> _Scraped caption text data_
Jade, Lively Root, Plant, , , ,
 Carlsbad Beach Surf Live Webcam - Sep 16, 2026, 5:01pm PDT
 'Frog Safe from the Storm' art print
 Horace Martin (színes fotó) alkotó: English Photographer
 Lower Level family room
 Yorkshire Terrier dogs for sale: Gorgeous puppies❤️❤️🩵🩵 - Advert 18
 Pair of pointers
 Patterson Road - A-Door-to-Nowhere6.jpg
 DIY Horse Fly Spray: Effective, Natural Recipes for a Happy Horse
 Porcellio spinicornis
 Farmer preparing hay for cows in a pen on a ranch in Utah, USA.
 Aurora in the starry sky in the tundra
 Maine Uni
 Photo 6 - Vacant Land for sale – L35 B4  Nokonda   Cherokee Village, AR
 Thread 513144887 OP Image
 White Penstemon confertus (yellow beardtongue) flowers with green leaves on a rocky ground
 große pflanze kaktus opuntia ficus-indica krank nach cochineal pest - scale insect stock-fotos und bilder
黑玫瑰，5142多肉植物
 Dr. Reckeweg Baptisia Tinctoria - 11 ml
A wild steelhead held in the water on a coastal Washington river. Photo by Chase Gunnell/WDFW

> _EXERCISE INSTRUCTIONS_
Every entry needs to be copied again, word for word.

> _ANSWER TO THIS PROBLEM_
Jade, Lively Root, Plant, , , ,
 Carlsbad Beach Surf Live Webcam - Sep 16, 2026, 5:01pm PDT
 'Frog Safe from the Storm' art print
 Horace Martin (színes fotó) alkotó: English Photographer
 Lower Level family room
 Yorkshire Terrier dogs for sale: Gorgeous puppies❤️❤️🩵🩵 - Advert 18
 Pair of pointers
 Patterson Road - A-Door-to-Nowhere6.jpg
 DIY Horse Fly Spray: Effective, Natural Recipes for a Happy Horse
 Porcellio spinicornis
 Farmer preparing hay for cows in a pen on a ranch in Utah, USA.
 Aurora in the starry sky in the tundra
 Maine Uni
 Photo 6 - Vacant Land for sale – L35 B4  Nokonda   Cherokee Village, AR
 Thread 513144887 OP Image
 White Penstemon confertus (yellow beardtongue) flowers with green leaves on a rocky ground
 große pflanze kaktus opuntia ficus-indica krank nach cochineal pest - scale insect stock-fotos und bilder
黑玫瑰，5142多肉植物
 Dr. Reckeweg Baptisia Tinctoria - 11 ml
A wild steelhead held in the water on a coastal Washington river. Photo by Chase Gunnell/WDFW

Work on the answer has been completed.